90+ (Carter) is built around a stream of ninety, evenly spaced polyrhythmic pulsations. This stream provides a structural framework around which shorter polyrhythms and surface rhythms of various speeds are composed. A great variety of character and speed is achieved by the use of metric modulation, which alters the speed of the primary pulsation whilst maintaining the polyrhythmic pulsations at a constant speed of 18 b.p.m. . Carter’s magnum opus in this vein is Night Fantasies written in 1980. Using a systemised approach to rhythm and harmony, Carter creates a ‘series of continuously changing moods’ that ‘capture the fanciful, changeable quality of our inner life at a time when it is not dominated by strong directive intentions or desires – to capture the poetic moodiness that, in an earlier romantic context, I enjoy in works of Robert Schumann like Kreisleriana, Carnaval, and Davids-bündlertänze.”[4] 90+ is demonstrative of the trend in much of Carter’s later music being less systemised than the works composed around the time of Night Fantasies. However 90+ maintains the sense of interplay between foreground and background: “Its foundation is rigorous and regular; its musical surface is improvisatory and changeable.”[5]


This sense of the musical surface being improvisatory in character creates an obvious connection with my own study of improvisation. Indeed, one main challenge in my performance-lead research has been the aural assimilation of the local polyrhythms and surface rhythms Carter composes.


What may not be so obvious, given Carter’s obvious rigor in constructing compositional frameworks and developing a harmonic language, is his connection to a time in western art music when improvisation was still considered a valid form of artistic expression.


The polyrhythmic streams Carter generates in his works are orchestrated in such a way as to emphasise polyphonic texture; multiple voices sounding simultaneously that develop linearly.


This reference has been extremely useful in my analysis of Carter’s works. Roeder used this technique to analyse the rhythmic streams of Schoenberg’s music.[6] In his paper, Roeder is able to parse Schoenberg’s music into rhythmic parts and offer an analysis, in terms of pulsation streams, of each. "Pulse streams are considered to be distinct continuities, not levels or groupings of each other, so this approach does not involve meter in the exclusive and hierarchical . . . Rather, it analyses an irregular surface as the sum of several concurrent regular continuities . . ."[7] The only difference in applying this method to Carter’s music is that the pulsation streams become polyrhythmic, whereas in Schoenberg’s they generally are not.[8] Roeder’s comments are perceptive and useful in understanding the role this rhythmic structures play in this music: “In music that deemphasizes traditional harmonic or linear processes these pulse streams may integrate the accents of local rhythmic figures synergistically into compelling large-scale continuities. The nature and the interactions of these continuities -the synchronization of pulse streams and rhythmic motives relative to each other-create rhythmic form in the music."[9]
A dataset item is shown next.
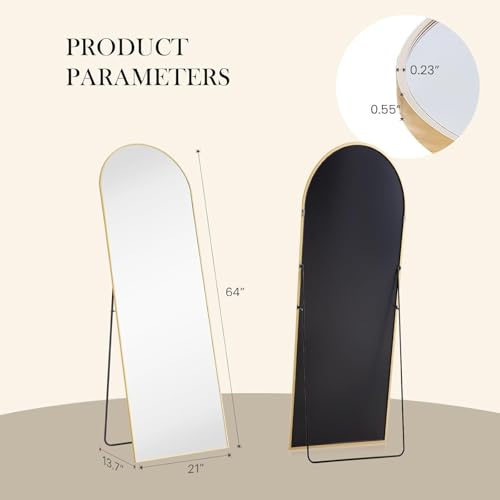 FAB&Deluxe Full Length Mirror - 64"x21" Standing or Leaning Full Body Mirror with Aluminum Alloy Frame, Floor Mirror for Bedroom Bathroom Wall Decor, Arched, Gold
My program contains 90+ in its fully notated version, as well as a modelised version. In discussing the multiple realisations of a single piece of music in the central African music tradition, Simha Arom states: “While the score of a work of cultured music is the link between the abstract thought of the composer and its materialisation, the score of music from an aural tradition is the link between living musical reality and an abstraction of it. In both cases, the score links a message with a code, but in one, its purpose is the reproduction of the message from the code, while in the other, it is the discovery of the code through a study of the message or set of messages; and after the code has been determined, the score remains indispensable for showing the relationships between the code and the multiplicity of messages it is capable of engendering. In most music from aural traditions . . . there is no definitive text. Two performances of a given piece will differ, often considerably, even though the users treat them as identical. There is a text, but not a univocal one."[10] A modelised score represents this underlying “code” and can be used to generate multiple realisations of the same piece. The modelised score of 90+ contains only the ninety evenly spaced polyrhythmic pulsations that form the structural foundation for Carter’s improvisatory surface rhythm and local polyrhythms. For my realisation of the modelised version of 90+ I will improvise this surface and local polyrhythmic activity while maintain the ninety polyrhythmic pulsations. While Carter may not be easily linked with the music of central Africa, the connection between Jazz and African music is well known and documented. My connection to both the Jazz and western art music traditions facilitates this exchange, then, as I am able to use the ethnomusicological approach to analysing central African music to relate to Elliott Carter’s music through improvisation.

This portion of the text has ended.